The problem: we were running a separate Neo4j instance for every customer org. Eight tenants meant eight StatefulSets, eight persistent volumes, eight sets of credentials to rotate, and eight instances consuming memory whether anyone was querying them or not. The ops cost was growing linearly with every new customer, and most instances sat idle 95% of the time.

We switched to a single shared Neo4j database with property-based tenant isolation. All customer orgs now connect to the same instance. Each tenant only sees its own data. This post walks through exactly how we did it, so you can apply the same pattern to your own multi-tenant AI agent platform.

The Decision: Per-Tenant Instances vs Shared Database

There are two credible approaches to multi-tenant graph databases:

Per-tenant instances give you the strongest isolation. Each tenant has its own process, its own storage, its own network address. A bug in one tenant's queries cannot affect another tenant's performance. The cost: you pay for N instances, N volumes, N backups. At scale, this is operationally brutal.

Shared database with property filtering puts all tenants in one instance. Every node and relationship carries a tenant identifier. Queries always filter by that identifier. The cost: you must be disciplined about never writing a query that omits the filter. The benefit: one instance to monitor, one backup schedule, one connection pool, and memory is shared across tenants whose access patterns rarely overlap.

We chose shared. Our knowledge graph workload is bursty -- agents ingest repos in bursts, then query sporadically. A shared instance with 8GB of heap serves the same traffic that previously required eight 2GB instances. The operational simplification alone justified the switch.

But shared only works if the isolation is airtight. Here is how we enforce it.

Step 1: Tag Everything with org_id

Every node in the graph carries an org_id property. Every relationship does too. This is the tenant boundary.

// Creating a node -- org_id is mandatory
CREATE (f:File {
  path: "src/api/auth.py",
  repo: "platform",
  org_id: $org_id,
  ingested_at: datetime()
})

// Creating a relationship -- org_id on both endpoints AND the relationship
MATCH (f:File {path: $path, org_id: $org_id})
MATCH (s:Service {name: $service, org_id: $org_id})
CREATE (f)-[:BELONGS_TO {org_id: $org_id}]->(s)

Tagging relationships is redundant if you always match nodes by org_id, but we do it anyway. Defense in depth means a missing filter on a node match still cannot traverse into another tenant's subgraph through a relationship.

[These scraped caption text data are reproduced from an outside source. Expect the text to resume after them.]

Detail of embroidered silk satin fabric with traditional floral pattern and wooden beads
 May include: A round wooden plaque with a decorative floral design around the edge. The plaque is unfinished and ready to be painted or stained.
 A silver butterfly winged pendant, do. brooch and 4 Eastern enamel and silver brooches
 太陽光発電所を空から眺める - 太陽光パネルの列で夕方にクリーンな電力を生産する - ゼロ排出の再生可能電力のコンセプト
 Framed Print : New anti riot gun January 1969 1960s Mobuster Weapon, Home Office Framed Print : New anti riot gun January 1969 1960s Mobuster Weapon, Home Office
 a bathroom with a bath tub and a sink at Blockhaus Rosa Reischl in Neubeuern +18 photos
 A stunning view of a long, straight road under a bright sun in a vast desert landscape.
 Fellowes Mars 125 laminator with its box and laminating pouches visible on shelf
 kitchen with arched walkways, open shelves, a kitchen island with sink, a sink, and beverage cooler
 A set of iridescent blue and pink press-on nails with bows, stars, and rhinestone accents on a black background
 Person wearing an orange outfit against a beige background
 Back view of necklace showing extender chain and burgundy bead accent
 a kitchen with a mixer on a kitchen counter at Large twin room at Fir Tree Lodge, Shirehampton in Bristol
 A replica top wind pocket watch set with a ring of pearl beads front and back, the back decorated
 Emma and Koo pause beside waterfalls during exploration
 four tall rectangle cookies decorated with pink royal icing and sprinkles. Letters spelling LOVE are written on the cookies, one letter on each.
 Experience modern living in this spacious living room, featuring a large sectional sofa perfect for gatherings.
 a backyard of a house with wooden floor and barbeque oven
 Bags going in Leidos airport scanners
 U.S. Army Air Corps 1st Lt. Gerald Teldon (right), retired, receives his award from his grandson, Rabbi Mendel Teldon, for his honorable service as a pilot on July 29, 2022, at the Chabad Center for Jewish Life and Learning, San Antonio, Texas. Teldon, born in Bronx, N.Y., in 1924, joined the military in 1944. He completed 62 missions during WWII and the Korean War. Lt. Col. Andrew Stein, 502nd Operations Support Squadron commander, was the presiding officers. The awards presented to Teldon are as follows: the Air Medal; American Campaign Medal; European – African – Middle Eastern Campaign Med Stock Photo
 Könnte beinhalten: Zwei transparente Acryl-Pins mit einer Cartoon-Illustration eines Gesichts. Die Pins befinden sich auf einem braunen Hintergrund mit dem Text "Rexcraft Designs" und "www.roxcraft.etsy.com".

Step 2: Enforce org_id in Every Query

The kb_tools.py module that agents call to interact with Neo4j parameterizes org_id into every query. No query runs without it.

class KnowledgeBaseTools:
    def __init__(self, driver: neo4j.Driver, org_id: str):
        self._driver = driver
        self._org_id = org_id  # Set once at agent init, never changes

    def search_nodes(self, label: str, filters: dict) -> list[dict]:
        """Search nodes -- org_id is always injected, never caller-supplied."""
        where_clauses = ["n.org_id = $org_id"]
        params = {"org_id": self._org_id}

        for key, value in filters.items():
            if key == "org_id":
                continue  # Caller cannot override tenant boundary
            where_clauses.append(f"n.{key} = ${key}")
            params[key] = value

        query = f"""
            MATCH (n:{label})
            WHERE {' AND '.join(where_clauses)}
            RETURN n
            LIMIT 100
        """
        with self._driver.session() as session:
            return [record["n"] for record in session.run(query, params)]

    def traverse(self, start_label: str, start_filter: dict,
                 rel_type: str, end_label: str) -> list[dict]:
        """Traverse relationships -- both endpoints filtered by org_id."""
        query = f"""
            MATCH (a:{start_label} {{org_id: $org_id}})
            WHERE a.name = $start_name
            MATCH (a)-[r:{rel_type}]->(b:{end_label} {{org_id: $org_id}})
            RETURN b
        """
        params = {"org_id": self._org_id, "start_name": start_filter["name"]}
        with self._driver.session() as session:
            return [record["b"] for record in session.run(query, params)]

The key design choices:

org_id is set at construction time, not passed per-call. The agent's org identity is fixed for the lifetime of the process. This eliminates an entire class of bugs where a caller accidentally passes the wrong org.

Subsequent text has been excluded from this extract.